PROVIDED RECORDS =>
--

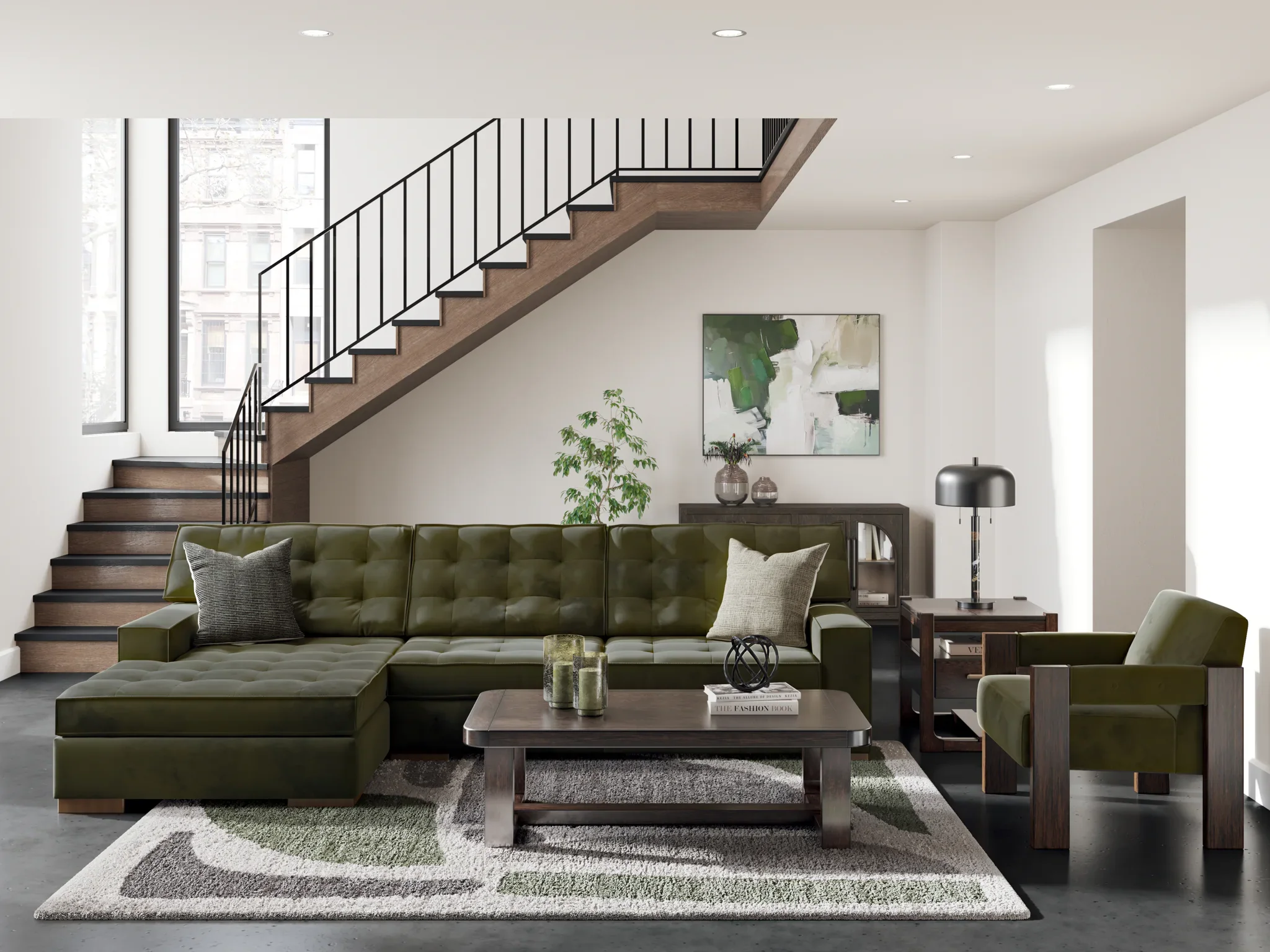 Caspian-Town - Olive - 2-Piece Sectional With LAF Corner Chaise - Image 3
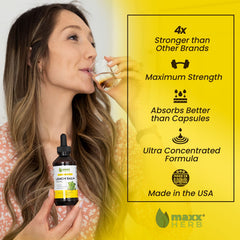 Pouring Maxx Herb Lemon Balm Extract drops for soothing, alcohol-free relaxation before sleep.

--

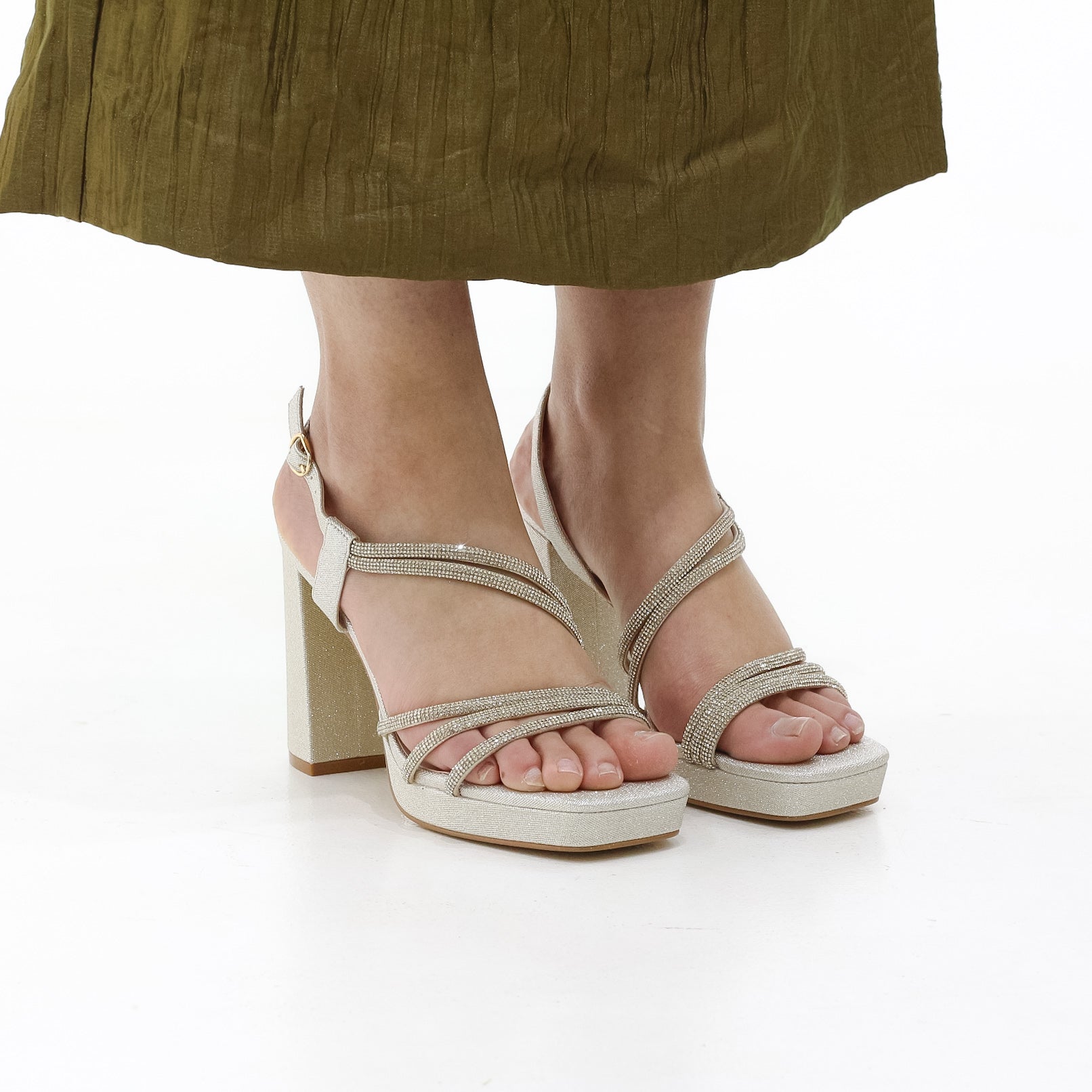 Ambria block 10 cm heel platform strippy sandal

--

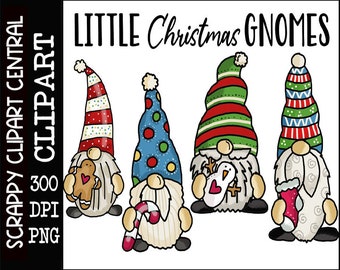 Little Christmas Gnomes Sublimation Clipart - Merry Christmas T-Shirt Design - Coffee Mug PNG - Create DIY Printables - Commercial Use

--

REQUIRED ACTION => Start at the line above containing "Caspian-Town - Olive" and stop at the line containing "Pouring Maxx Herb": print those lines and everything between them exactly, but not the pictures.

EXERCISE SOLUTION =>
 Caspian-Town - Olive - 2-Piece Sectional With LAF Corner Chaise - Image 3
 Pouring Maxx Herb Lemon Balm Extract drops for soothing, alcohol-free relaxation before sleep.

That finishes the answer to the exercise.